Publicado em 16/06/2021 às 17:26Interesse, Interesse Público, Interesse “do” Público e o Exemplo
*Roger Ferreira
Existe farta literatura que tenta explicar o que é notícia, ou seja, quais os atributos capazes de fazer o jornalista escolher um determinado fato ou situação (em detrimento de muitos outros) e apresentá-lo em sua mídia, transformando-o, portanto, em notícia. É uma discussão relevante pois tenta esclarecer o que é (ou deveria ser) escolhido e colocado sob visibilidade pública. Como descreveu Walter Lippman[1], “a atenção da imprensa é como a lanterna que se move incansavelmente, resgatando da escuridão para a nossa visão um episódio após o outro.”
Alguns fatos ganham visibilidade e outros permanecem na escuridão. É chamado “Efeito Imprensa”, cujo conceito pode ser ampliado para os dias atuais em que as redes sociais têm enorme presença e desempenham, nesta abordagem, o mesmo “efeito imprensa”, ou “efeito mídia”, pois colocam fatos em evidência e conferem visibilidade a eles – enquanto outros permanecem na escuridão, percebidos apenas por quem tem com eles uma relação direta. Nos dias atuais, todos somos comunicadores.

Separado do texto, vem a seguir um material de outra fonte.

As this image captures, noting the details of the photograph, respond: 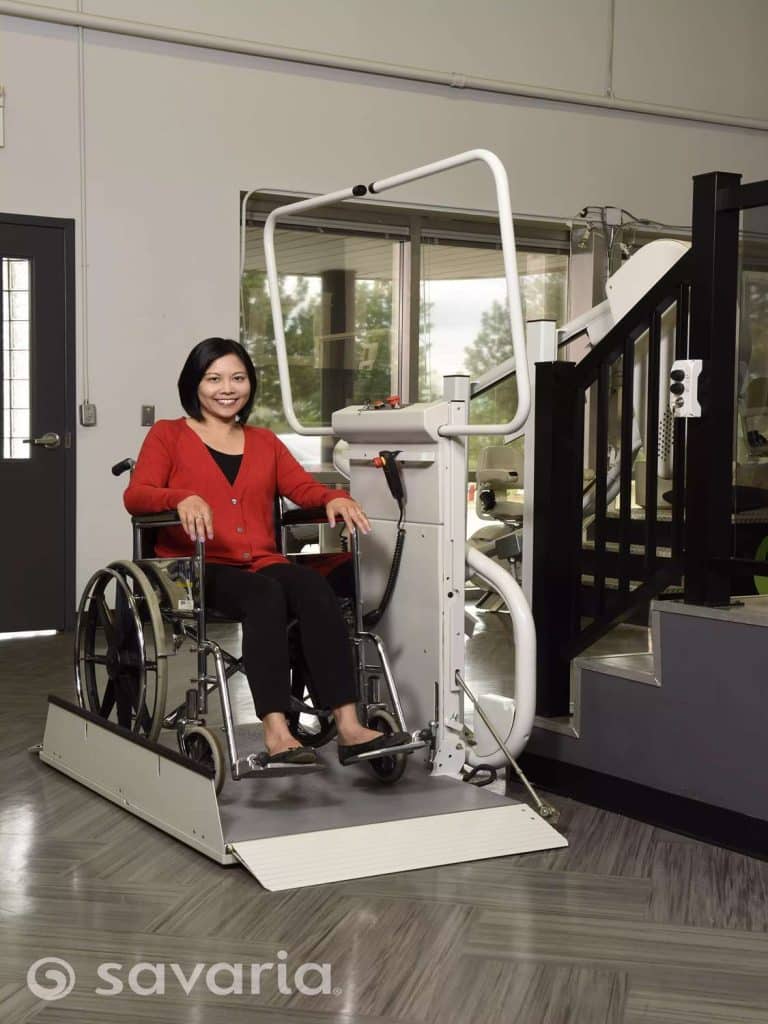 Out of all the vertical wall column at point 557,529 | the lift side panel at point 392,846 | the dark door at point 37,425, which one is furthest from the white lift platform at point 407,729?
the dark door at point 37,425

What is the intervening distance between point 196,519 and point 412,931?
1173 millimetres

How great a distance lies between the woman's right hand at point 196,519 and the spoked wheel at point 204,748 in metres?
0.46

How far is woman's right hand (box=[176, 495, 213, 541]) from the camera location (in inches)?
124

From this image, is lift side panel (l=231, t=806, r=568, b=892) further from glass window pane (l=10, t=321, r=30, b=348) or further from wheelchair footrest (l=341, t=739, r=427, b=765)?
glass window pane (l=10, t=321, r=30, b=348)

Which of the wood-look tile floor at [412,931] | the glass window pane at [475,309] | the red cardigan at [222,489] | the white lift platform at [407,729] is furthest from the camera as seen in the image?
the glass window pane at [475,309]

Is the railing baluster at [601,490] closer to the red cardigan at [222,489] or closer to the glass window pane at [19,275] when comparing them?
the red cardigan at [222,489]

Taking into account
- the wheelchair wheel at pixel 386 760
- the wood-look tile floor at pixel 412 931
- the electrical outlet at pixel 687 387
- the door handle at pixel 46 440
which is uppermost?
the electrical outlet at pixel 687 387

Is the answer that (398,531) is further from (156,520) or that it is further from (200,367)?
(200,367)

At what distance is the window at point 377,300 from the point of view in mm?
6855

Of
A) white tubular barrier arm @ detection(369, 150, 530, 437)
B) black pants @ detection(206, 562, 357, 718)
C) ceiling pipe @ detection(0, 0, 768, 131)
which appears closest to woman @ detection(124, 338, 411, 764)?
black pants @ detection(206, 562, 357, 718)

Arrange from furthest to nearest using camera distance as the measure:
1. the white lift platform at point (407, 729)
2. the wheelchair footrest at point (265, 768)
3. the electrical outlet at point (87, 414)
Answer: the electrical outlet at point (87, 414), the wheelchair footrest at point (265, 768), the white lift platform at point (407, 729)

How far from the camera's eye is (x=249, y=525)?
11.6 ft

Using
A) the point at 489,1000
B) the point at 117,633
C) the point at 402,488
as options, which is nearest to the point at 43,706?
the point at 117,633

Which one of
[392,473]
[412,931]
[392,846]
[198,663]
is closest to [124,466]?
[198,663] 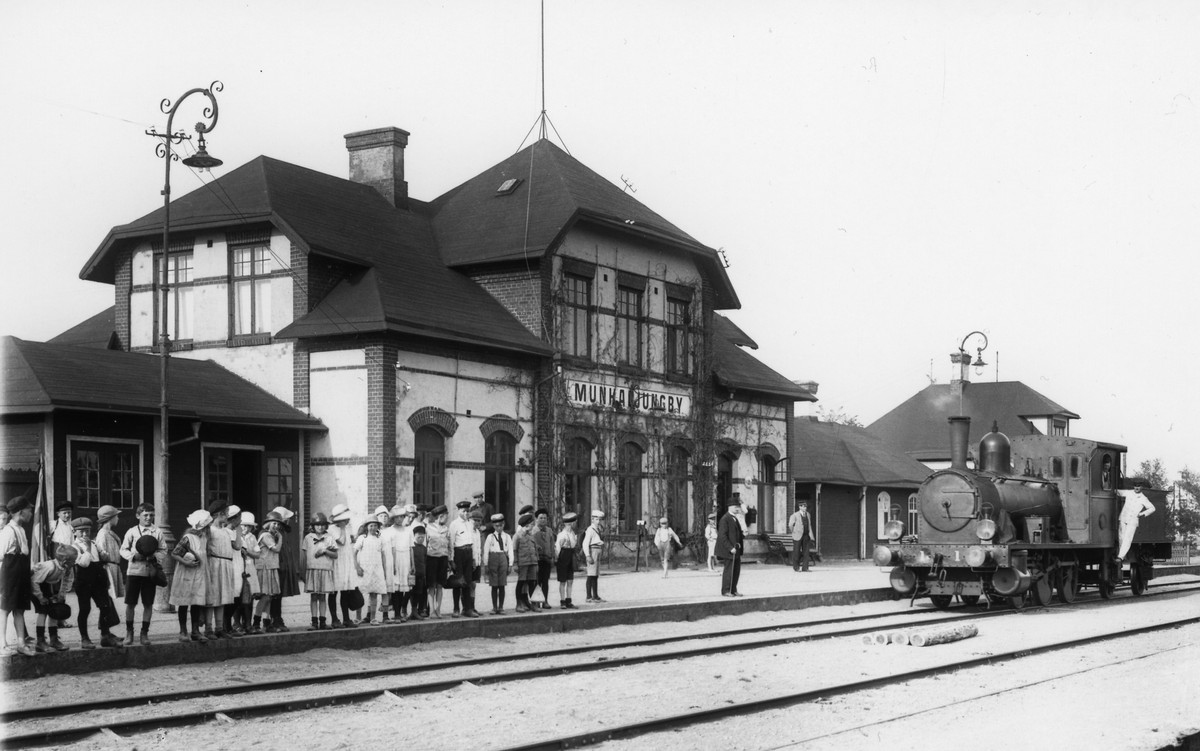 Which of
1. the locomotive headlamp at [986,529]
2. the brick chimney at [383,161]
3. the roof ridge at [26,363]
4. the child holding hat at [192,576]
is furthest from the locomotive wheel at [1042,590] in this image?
the brick chimney at [383,161]

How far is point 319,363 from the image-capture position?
24500 millimetres

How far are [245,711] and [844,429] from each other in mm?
38587

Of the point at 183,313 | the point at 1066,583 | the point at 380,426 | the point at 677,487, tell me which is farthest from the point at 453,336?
the point at 1066,583

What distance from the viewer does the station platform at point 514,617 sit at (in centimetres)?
1298

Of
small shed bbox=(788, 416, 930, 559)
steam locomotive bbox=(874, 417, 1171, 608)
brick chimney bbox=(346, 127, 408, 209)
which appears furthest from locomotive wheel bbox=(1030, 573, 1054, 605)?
small shed bbox=(788, 416, 930, 559)

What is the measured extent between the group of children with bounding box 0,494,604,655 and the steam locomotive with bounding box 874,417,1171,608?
619 centimetres

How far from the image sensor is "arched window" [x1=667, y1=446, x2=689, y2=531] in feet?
102

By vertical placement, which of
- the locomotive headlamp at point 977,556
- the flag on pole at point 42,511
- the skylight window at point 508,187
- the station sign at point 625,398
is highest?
the skylight window at point 508,187

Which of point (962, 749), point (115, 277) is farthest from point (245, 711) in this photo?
point (115, 277)

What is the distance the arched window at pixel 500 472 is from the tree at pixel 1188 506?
3558cm

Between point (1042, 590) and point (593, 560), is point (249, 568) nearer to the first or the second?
→ point (593, 560)

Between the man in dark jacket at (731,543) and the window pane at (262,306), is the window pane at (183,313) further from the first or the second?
the man in dark jacket at (731,543)

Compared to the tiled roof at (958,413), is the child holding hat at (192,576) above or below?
below

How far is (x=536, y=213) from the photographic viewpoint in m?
28.9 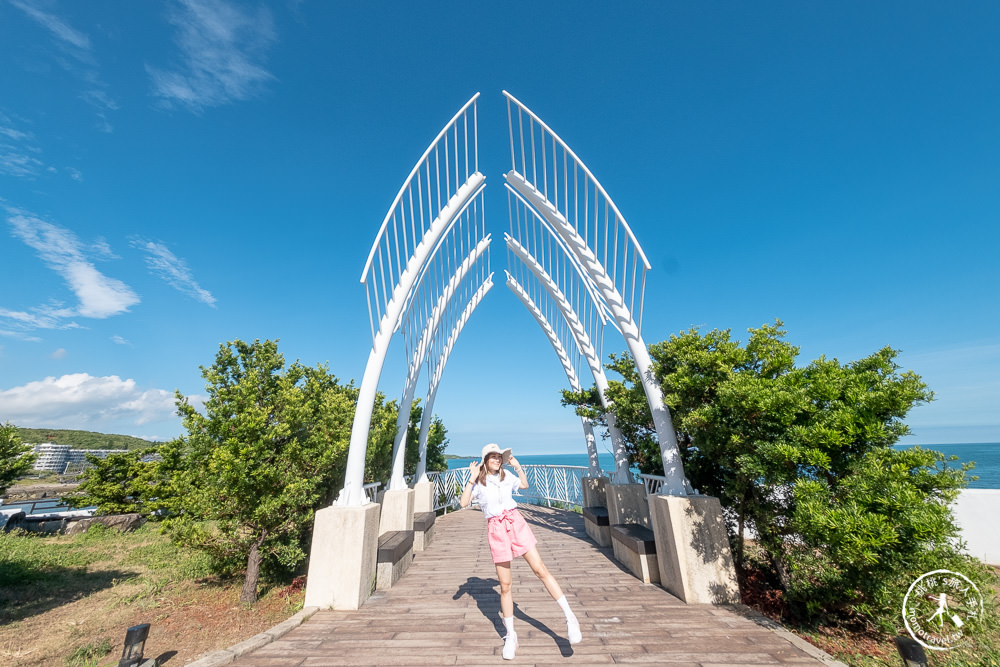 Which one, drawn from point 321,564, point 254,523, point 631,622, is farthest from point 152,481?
point 631,622

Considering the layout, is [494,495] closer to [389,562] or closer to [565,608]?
[565,608]

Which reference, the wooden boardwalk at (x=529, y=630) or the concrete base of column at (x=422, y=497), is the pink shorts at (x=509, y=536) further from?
the concrete base of column at (x=422, y=497)

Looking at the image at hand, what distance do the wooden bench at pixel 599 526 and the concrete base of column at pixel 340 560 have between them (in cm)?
469

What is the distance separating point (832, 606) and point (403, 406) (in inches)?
298

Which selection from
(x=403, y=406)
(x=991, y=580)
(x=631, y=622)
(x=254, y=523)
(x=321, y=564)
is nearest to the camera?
(x=991, y=580)

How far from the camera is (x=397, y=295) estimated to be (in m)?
6.20

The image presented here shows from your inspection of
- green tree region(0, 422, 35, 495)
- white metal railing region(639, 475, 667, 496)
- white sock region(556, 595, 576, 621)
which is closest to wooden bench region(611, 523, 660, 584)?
A: white metal railing region(639, 475, 667, 496)

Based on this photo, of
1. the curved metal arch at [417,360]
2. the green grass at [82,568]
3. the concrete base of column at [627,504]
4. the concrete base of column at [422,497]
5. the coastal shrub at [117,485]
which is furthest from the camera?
the coastal shrub at [117,485]

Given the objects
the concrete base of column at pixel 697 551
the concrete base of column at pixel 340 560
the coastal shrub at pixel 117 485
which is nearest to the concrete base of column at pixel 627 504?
the concrete base of column at pixel 697 551

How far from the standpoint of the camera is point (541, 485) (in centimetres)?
1467

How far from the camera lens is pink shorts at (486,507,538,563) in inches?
134

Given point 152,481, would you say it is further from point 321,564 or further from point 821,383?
point 821,383

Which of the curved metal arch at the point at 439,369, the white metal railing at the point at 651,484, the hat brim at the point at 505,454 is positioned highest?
the curved metal arch at the point at 439,369

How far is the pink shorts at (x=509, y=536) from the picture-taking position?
11.2 feet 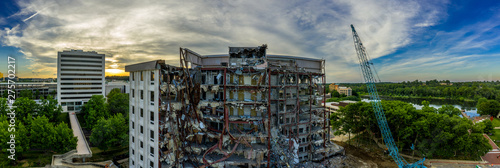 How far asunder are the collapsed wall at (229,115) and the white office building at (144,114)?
856mm

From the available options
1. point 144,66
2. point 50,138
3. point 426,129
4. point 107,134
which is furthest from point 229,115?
point 426,129

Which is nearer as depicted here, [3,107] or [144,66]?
[144,66]

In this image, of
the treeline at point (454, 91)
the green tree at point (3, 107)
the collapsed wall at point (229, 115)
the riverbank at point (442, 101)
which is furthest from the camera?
the riverbank at point (442, 101)

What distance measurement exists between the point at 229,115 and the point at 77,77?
204 feet

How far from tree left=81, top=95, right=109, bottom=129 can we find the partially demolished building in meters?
25.1

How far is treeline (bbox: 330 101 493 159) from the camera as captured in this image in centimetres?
3059

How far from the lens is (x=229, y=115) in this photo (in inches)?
1032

É importante discutir os atributos que tornam um fato “noticiável” (e outros, não) pelo fato de a mídia não ser neutra. Ela nos influencia e promove mudanças de comportamento, como bem sabe a indústria da propaganda, especializada em criar conteúdos que aumentam o consumo de produtos e serviços. Além de promover o consumo, conteúdos podem promover boas reações e comportamentos, enquanto outros podem despertar reações negativas e até mesmo comportamentos agressivos.
A mídia tende a ser imitada especialmente por pessoas suscetíveis a conteúdos específicos, das mais variadas formas. Seguem alguns exemplos: pessoas que gostam de refrigerante podem ser influenciadas por uma propaganda da Coca-Cola e comprar o produto (é o chamado “target” da publicidade); pessoas deprimidas podem cometer suicídio se encontrarem na mídia um relato com o qual se identifiquem (e em relação a isso há inclusive recomendação da Organização Mundial da Saúde para jornalistas[2]); e bons exemplos trazem esperanças e podem inspirar pessoas que buscam caminhos melhores para as suas vidas.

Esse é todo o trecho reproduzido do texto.